Одуряющий аромат кофе не дал мне усомниться, что именно его она и «выпасала», по выражению моей мамочки, и это ей удалось. Я испросил у неё разрешения погулять с Филей, и, выбрав самый длинный и крепкий поводок, спустился с крыльца. Пёс терпеливо снёс мои неловкие манипуляции с ошейником и потянул меня в глубь сада. Я удивился, намереваясь вывести его за ворота, но он был так упорен, что я последовал за ним. Оказалось, Филька тянул меня к другой, задней, калитке. Я и не знал, что Розин сад примыкает к лесу. Я ждал продолжения утренних чудес, но мои надежды не оправдались.

  Лес оказался тёмным, заросшим какой-то сорной дрянью, а главное – неудобным для прогулок. Невозможно было спокойно пройти и трёх метров: сплошные буераки, кочки и канавы. Казалось, и Филе прогулка не доставляла удовольствия, но ведь это он меня сюда приволок. Вдруг пёс остановился, и я чуть не налетел на него, продолжая двигаться по инерции. Филя остановился и, поджав хвост, начал приседать на задние лапы, как испуганная лошадь. Я не знал, что и делать. Раздался непонятный шум, не очень громкий, но жутко неприятный. Невозможно было его даже сравнить с чем-то известным: похоже то ли на хлопанье множества крыльев, то ли на негромкий, но непрерывный гвалт. Бывает так? Не знаю. Но звук и вправду был ирреальным. Я не робкого десятка, но мне стало не по себе. Постепенно шум стал усиливаться, как если бы источник его приближался со скоростью электрички. Собакин мой задрожал крупной дрожью, а я превратился в соляной столб. Совсем рядом пронеслось что-то чёрное, но разрази меня гром, я не могу с уверенностью сказать, что это было. Птица? Зверь? Человек? Понятия не имею, но что-то огромное, вселяющее ужас. Так мы и стояли, зверь и венец природы в моём лице, слившись в едином порыве, одинаково объятые страхом. Наконец, Филя перестал дрожать, с меня тоже как будто сошёл паралич. Захотелось курить. Сигарет, конечно, не было, но в кармане шорт я обнаружил барбариску. Я читал, что сладкое снимает стрессы, поэтому, решив, что Филька больше меня пострадал от стресса, отлепил конфетку от фантика и протянул её брату своему меньшему. Брат мой сначала накинулся на карамельку, но тут же вытолкнул её языком из треугольного ротика. «Жить будет», - подумал я и повёл Филю домой.

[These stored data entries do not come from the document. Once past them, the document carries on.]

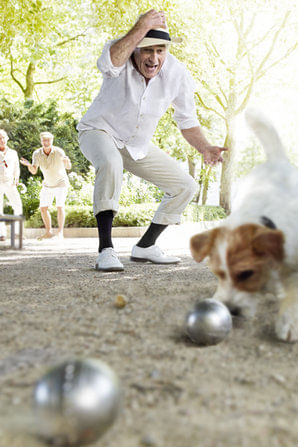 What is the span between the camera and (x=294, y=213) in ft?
8.42

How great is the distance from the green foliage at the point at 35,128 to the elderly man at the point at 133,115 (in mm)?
13376

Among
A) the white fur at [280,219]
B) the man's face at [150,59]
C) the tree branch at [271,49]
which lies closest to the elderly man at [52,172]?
the man's face at [150,59]

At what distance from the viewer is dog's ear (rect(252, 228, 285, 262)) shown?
91.7 inches

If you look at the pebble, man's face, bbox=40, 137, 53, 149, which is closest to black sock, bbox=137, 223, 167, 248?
the pebble

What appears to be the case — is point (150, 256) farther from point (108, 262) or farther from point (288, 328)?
point (288, 328)

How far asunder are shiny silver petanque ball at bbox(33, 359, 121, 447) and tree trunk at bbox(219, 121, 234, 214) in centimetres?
1725

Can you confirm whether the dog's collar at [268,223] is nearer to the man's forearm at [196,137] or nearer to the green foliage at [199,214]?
the man's forearm at [196,137]

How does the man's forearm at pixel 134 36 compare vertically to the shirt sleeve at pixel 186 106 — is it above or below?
above

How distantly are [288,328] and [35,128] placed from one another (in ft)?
59.3

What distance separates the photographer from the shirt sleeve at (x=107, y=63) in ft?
14.5

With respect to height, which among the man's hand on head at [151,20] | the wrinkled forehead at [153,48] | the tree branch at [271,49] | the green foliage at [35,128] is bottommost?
the wrinkled forehead at [153,48]

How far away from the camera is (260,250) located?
2.37m

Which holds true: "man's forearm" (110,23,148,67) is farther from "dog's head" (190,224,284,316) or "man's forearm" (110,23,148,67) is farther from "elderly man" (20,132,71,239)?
"elderly man" (20,132,71,239)

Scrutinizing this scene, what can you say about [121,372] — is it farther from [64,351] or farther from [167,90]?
[167,90] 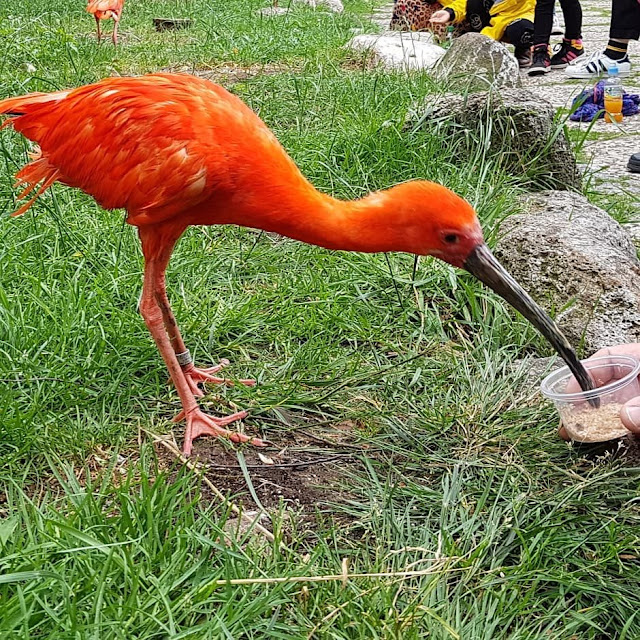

  Тётя Роза несказанно удивилась, что Филька потащил меня в лес, обычно они гуляли по улицам посёлка. Я не стал ей рассказывать об инциденте, так напугавшем нас с Филей.
После завтрака тётя Роза провела меня по дому. Всё в нем удивляло удобством и необыкновенной простотой. Не скажу, что повсюду царил минимализм, но чего точно не было, так это тесноты и запущенности. Ну, во-первых, в доме, по словам тёти Розы, имелось пять спален, две из них располагались на первом этаже, там же находился кабинет и большая гостиная с камином. Была там прекрасно оборудованная просторная кухня и огромная ванная комната с мраморной купелью и окном в полстены. Но, пожалуй, самое сильное впечатление производил светлый холл с большим и крепким столом, на котором запросто можно было устраивать матчи по пинг-понгу. Матово светился чистый каменный пол, мягко отражая высокие французские окна. В дальнем правом углу вздымалась вверх широкая белая лестница, по правую же руку устроился компактный кухонный уголок с газовой плитой и барной стойкой. На втором этаже тётя Роза показала мне свою мастерскую – собственно, две смежные комнаты. Одна из них была уставлена стеллажами со всякой всячиной, необходимой для работы художника, а вторая именовалась важным словом «ателье». Её убранство состояло из нескольких мольбертов, столов и столиков, а также множества драпировок и специальных светильников; повсюду стояли стеклянные и керамические вазы с кистями всех мастей и калибров. Удивительно, но комната казалась свободной и достаточно светлой. «Можешь пользоваться моим ателье, когда захочешь», - любезно пропела тётя Роза, и тут я увидел портрет. У меня отвисла челюсть: с картины смотрела вчерашняя девчонка из кафе. Тот же нежный овал лица, светло-голубые глаза, волосы цвета воронова крыла, вот только чёлка зачёсана набок. Чёрные одежды открывали лишь высокую тонкую шею и изящные кисти рук с кроваво-красным маникюром. И только две вещи отдавали дань приверженности юных дам к украшениям: на груди покоился большой египетский крест, а на плече – тёмно-красная роза. Несмотря на мрачный характер картины, портрет был чудным. Лунно-бледное личико светилось на фоне ночного неба, а все черные тона играли и переливались различными оттенками, словно мозаика.

- Кто это?

- Это Сонечка, возможно, ты познакомишься с нею.

- А где она живёт?

- Здесь.

- Здесь?

- Да. Чему ты удивляешься? Она живёт в этом доме.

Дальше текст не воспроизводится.